Już drugi raz jadę do Hiszpanii w kwietniu. Dwa lata temu spędziłam kilka dni w Barcelonie i zakochałam się w niej całkowicie! Powrót był jedynie kwestią czasu. Jedziemy więc jutro, tym razem całą rodzinką i nie bezpośrednio do Barcelony, a pod nią, do nadmorskiej mieściny. Nie mogło się więc obejść bez przedwyjazdowego posta! Co akurat cieszy mnie bardzo, bo od 10 dni tylko (no, prawie tylko) tym wyjazdem żyję, a i chciałam Wam przy tej okazji pokazać kilka rzeczy, których Wam jeszcze nie pokazywałam!
Zacznę od samego wyjazdu. Pierwotnie planowaliśmy po prostu wykupić sobie loty Ryanairem i do tego samemu coś zorganizować. Zdecydowaliśmy się jednak na coś innego, co dla mnie jest dosyć sporą nowością (a po turystyce jestem). Znalazł mnie bowiem na Facebooku pewien holenderski, zdaje się portal, TravelBird, który oferuje coś pomiędzy takim samotnym organizowaniem a standardowymi wycieczkami z biur podróży. Wychodzi więc tanio, leci się też Ryanairem, a w pakiecie mamy jeszcze hotel z HB i dojazd do niego. Jeśli wszystko wyjdzie bez problemu, to Wam portal polecę w następnym poście. Na razie, jeśli poszukujecie ekonomicznych wakacji, warto zajrzeć!

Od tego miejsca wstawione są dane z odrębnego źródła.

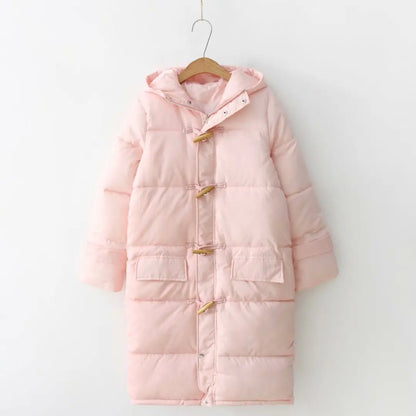 Women's Long Thick Winter Coat with Horn Button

Ach… wakacje… Jak to wakacje, trzeba się przygotować. Niezbędne jest więc coś do czytania! Niniejszym więc muszę podziękować, moim wspaniałym Czytelniczkom, bo sięgam właśnie po kolejną książkę poleconą mi i po raz kolejny – zapowiada się świetnie (dziękuję Beatko za tą). Znacie „Kolekcjonerkę perfum”? Ciekawa jej jestem bardzo!